Jacob Zuma’s attorney of record, Eric Mabuza, has withdrawn his services less than a month before the former president will go on trial for corruption — and one week after the appeal court ordered him to repay the state at least R15-million in legal fees spent on the matter so far.
Mabuza’s Houghton-based firm, Mabuza Attorneys, on Wednesday served notice of the withdrawal from the case to the registrar of the KwaZulu-Natal high court, the state prosecutor Billy Downer and to the attorneys for the local subsidiary for French arms maker Thales, the second accused in the case.
The National Prosecuting Authority (NPA) said it noted the withdrawal.
“Suffice to say, the state remains ready to proceed with the trial from 17 May 2021,” the prosecuting authority tersely added.
Mabuza confirmed that Zuma’s senior counsel, advocate Muzi Sikhakhane, has similarly terminated his services. Sikhakhane did not immediately respond to a request for comment.

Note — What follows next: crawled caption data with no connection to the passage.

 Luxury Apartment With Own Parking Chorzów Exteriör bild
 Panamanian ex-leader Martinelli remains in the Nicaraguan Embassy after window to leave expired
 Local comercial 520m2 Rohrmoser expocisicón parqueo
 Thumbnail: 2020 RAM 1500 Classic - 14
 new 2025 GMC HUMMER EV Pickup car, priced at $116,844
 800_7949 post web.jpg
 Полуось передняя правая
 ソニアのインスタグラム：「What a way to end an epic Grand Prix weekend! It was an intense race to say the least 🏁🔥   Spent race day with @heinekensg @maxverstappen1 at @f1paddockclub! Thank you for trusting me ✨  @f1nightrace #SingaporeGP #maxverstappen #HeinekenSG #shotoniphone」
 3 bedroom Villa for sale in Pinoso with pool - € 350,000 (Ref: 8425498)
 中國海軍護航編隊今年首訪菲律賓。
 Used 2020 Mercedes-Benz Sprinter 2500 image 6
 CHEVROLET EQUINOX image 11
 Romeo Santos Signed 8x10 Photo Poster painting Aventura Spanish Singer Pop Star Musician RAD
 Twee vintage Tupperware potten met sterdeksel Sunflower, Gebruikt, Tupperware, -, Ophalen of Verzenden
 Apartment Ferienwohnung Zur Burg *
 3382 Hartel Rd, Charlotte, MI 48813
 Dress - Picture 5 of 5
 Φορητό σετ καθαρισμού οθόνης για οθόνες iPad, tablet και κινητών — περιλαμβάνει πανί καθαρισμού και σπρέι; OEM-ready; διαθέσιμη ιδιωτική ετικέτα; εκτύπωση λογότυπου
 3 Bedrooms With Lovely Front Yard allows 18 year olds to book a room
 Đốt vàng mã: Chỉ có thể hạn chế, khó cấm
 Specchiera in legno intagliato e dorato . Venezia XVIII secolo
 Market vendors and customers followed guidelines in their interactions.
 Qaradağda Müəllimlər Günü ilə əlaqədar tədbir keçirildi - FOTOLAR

Mabuza and Sikhakhane have also represented the former president in his legal standoff with the Zondo commission, which now sees him awaiting a Constitutional Court ruling that he be jailed for contempt. It is reliably understood that Zuma has not paid his lawyers for some time.
Zuma faces 16 charges of fraud, corruption, racketeering and money-laundering stemming from South Africa’s arms acquisition programme in the late 1990s.
This issue has haunted him since 2005, when his former financial adviser, Schabir Shaik, was found guilty of soliciting a bribe on his behalf and sentenced to 15 years in prison.
Zuma was due to go on trial in 2006, after losing a bid to have the charges stayed on appeal. But in 2009 these were controversially withdrawn by the NPA, on the basis of possible perceptions of political meddling regarding the timing of his indictment.
This paved the way for him to become president. The political opposition fought to have the charges reinstated and finally succeeded in 2018, mere months after Zuma’s forced resignation.
Last week the supreme court of appeal (SCA) upheld a Pretoria high court ruling that the state attorney recover at least R15-million paid in legal fees over the years in the corruption case and other matters.
The appellate court found that the decision that the state attorney pay for Zuma’s attorney and counsel in the matter was unlawful, saying he had seemingly been given a blank cheque to fund private legal counsel.
The SCA found that the “funding tap” had been opened for Zuma during the Shaik trial, at which the state funded his legal team to conduct a watching brief.